2021-11-03 13:20:06 aborting phase 2 - cleanup resources
2021-11-03 13:20:06 migrate_cancel
2021-11-03 13:20:06 efidisk0: removing block-dirty-bitmap 'repl_efidisk0'
2021-11-03 13:20:06 scsi0: removing block-dirty-bitmap 'repl_scsi0'
2021-11-03 13:20:06 ERROR: migration finished with problems (duration 00:00:12)
TASK ERROR: migration problems



Code:
root@node1:~# cat /etc/pve/qemu-server/105.conf
agent: 1
balloon: 0
bios: ovmf
boot: order=scsi0
cores: 4
efidisk0: zfs:vm-105-disk-1,efitype=4m,size=528K
hotplug: disk,network,usb
machine: pc-q35-6.0
memory: 6144
name: cust1
net0: virtio=9E:5A:60:3B:FB:D0,bridge=vmbr0,firewall=1
net1: virtio=EA:F0:EA:8B:9C:59,bridge=vnet1,firewall=1,tag=10
numa: 0
onboot: 1
ostype: win10
scsi0: zfs:vm-105-disk-0,discard=on,size=128G
scsihw: virtio-scsi-pci
smbios1: uuid=f46cc7d8-9539-400a-ae78-0e71f23bbe7e
sockets: 1
vmgenid: 4304982c-34d1-4e51-ae61-b7353db96cc9
 
the package versions on the target node are older than on the source node - this is not guaranteed to work reliably in all cases. upgrade the target node, then it should work.
 
Ok, this is strange:

both nodes are up to date with the enterprise repos (apt-get update && apt-get dist-upgrade -> nothin to do).

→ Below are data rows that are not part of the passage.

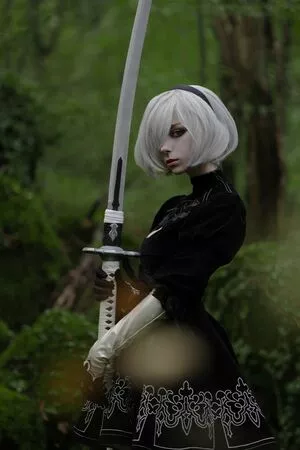 Himeecosplay / Himee.lily nude photo #0003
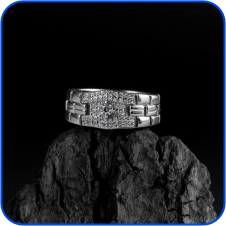 Silver Rings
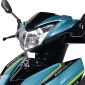 Tuyên chiến Honda Future, ‘vua xe số’ 125cc mới đẹp hơn Wave Alpha và RSX ra mắt, giá 30 triệu đồng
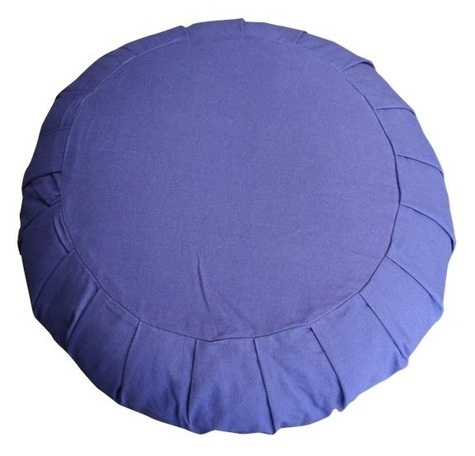 ZAFU EN SARRASIN BLEU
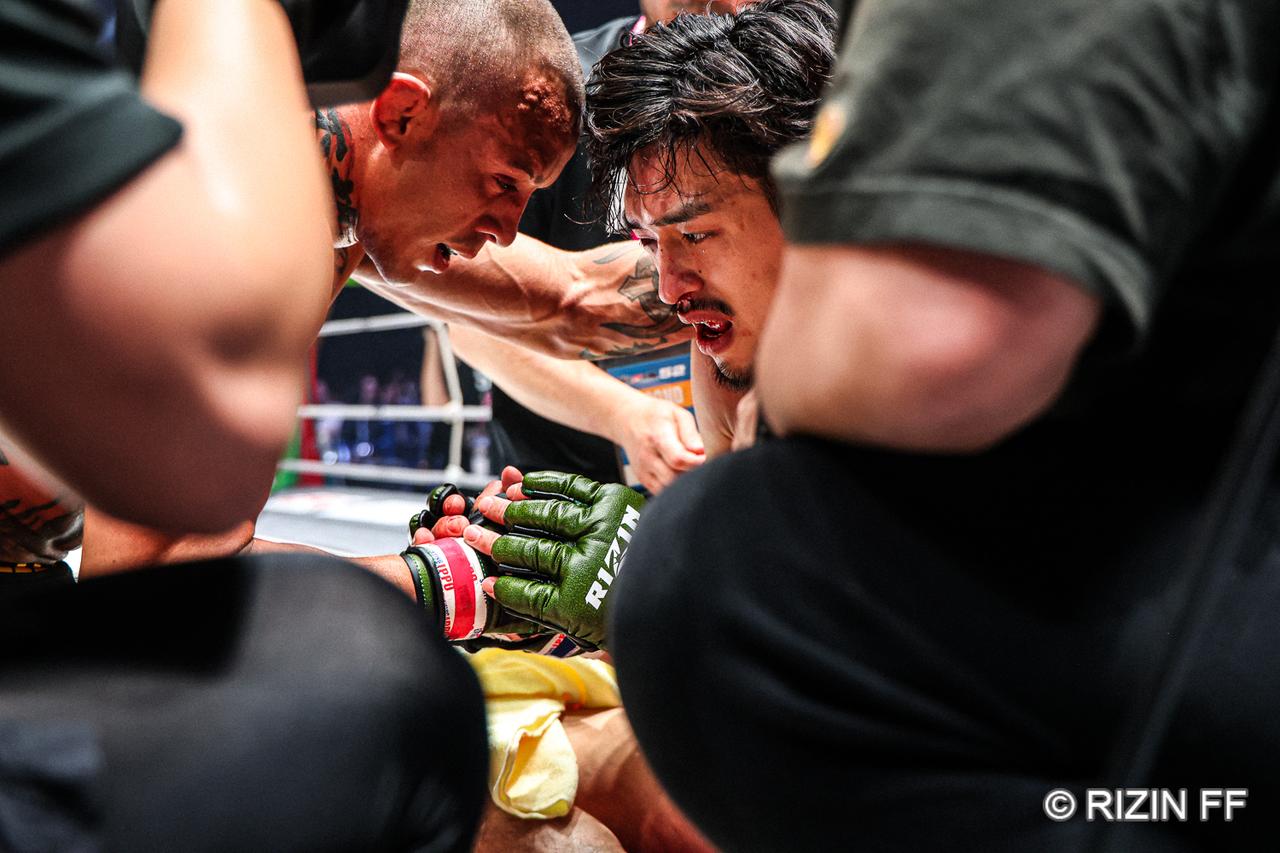 Gustavo Addresses Sakuraba Injury Fallout, Targets RIZIN Lightweight Championship Against Nazimov
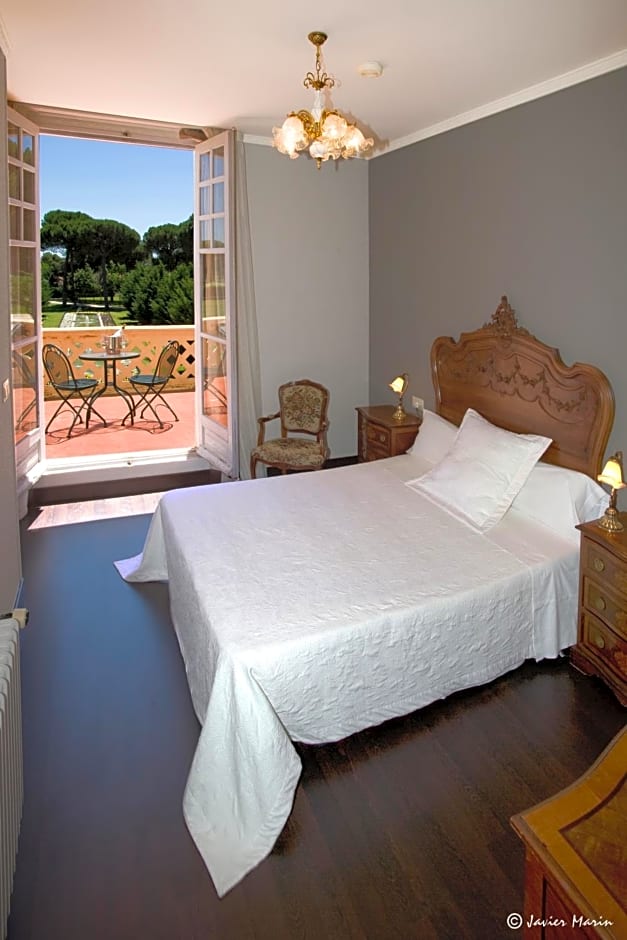 Balneario Palacio de las Salinas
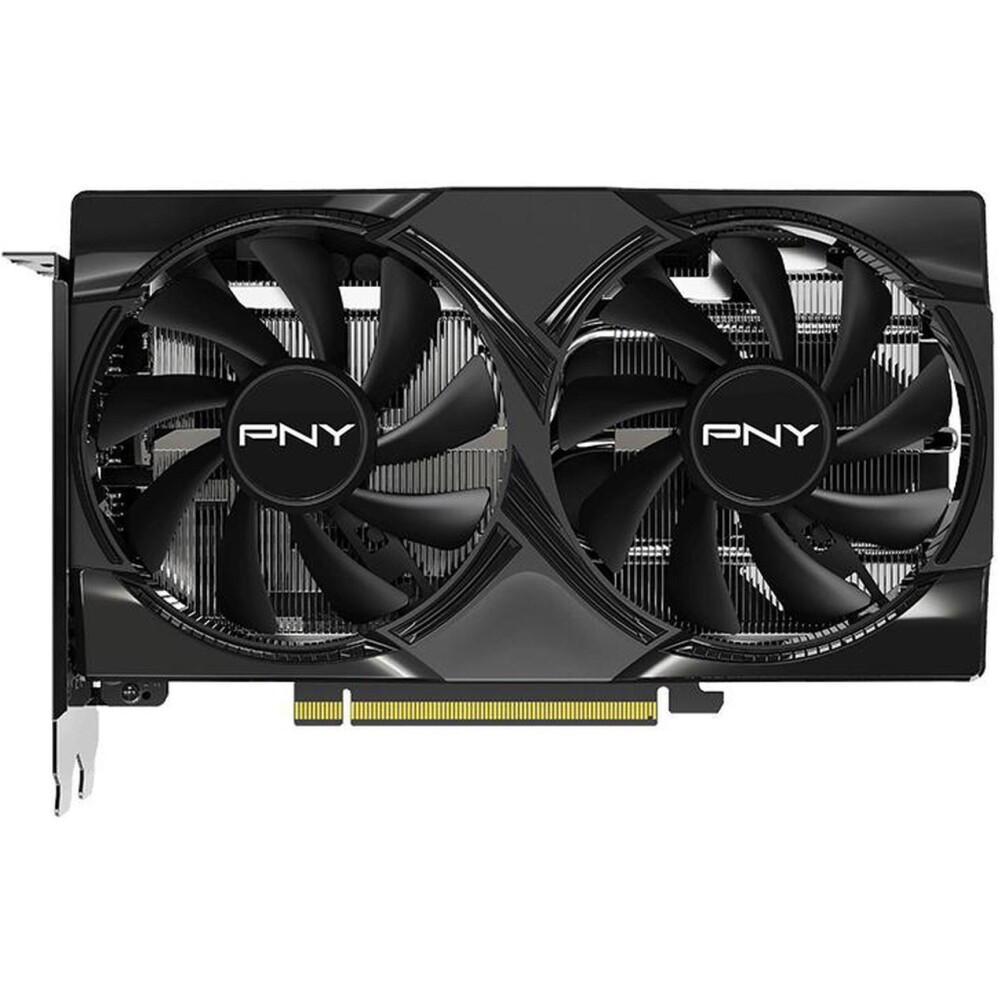 Tarjeta de video PNY DUAL FAN GeForce RTX 5060 8GB OC - Imagen 1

However, the versions differ a little bit on both nodes (only different packets are shown)

node1
Code:
proxmox-ve: 7.0-2 (running kernel: 5.11.22-5-pve)
pve-manager: 7.0-13 (running version: 7.0-13/7aa7e488)
pve-edk2-firmware: 3.20210831-1
qemu-server: 7.0-16

node2
Code:
proxmox-ve: 7.0-2 (running kernel: 5.11.22-5-pve)
pve-manager: 7.0-11 (running version: 7.0-11/63d82f4e)
pve-edk2-firmware: 3.20200531-1
qemu-server: 7.0-14

I restarted node2, but its still runnind the old packages, how can I get the latest packages? Of course I have subscriptions for both nodes.
 
node1 must have either a non-enterprise repo enabled, or have been installed/upgraded recently using a non-enterprise repo. neither pve-manager 7.0-13 nor qemu-server 7.0-16 are on pve-enterprise yet.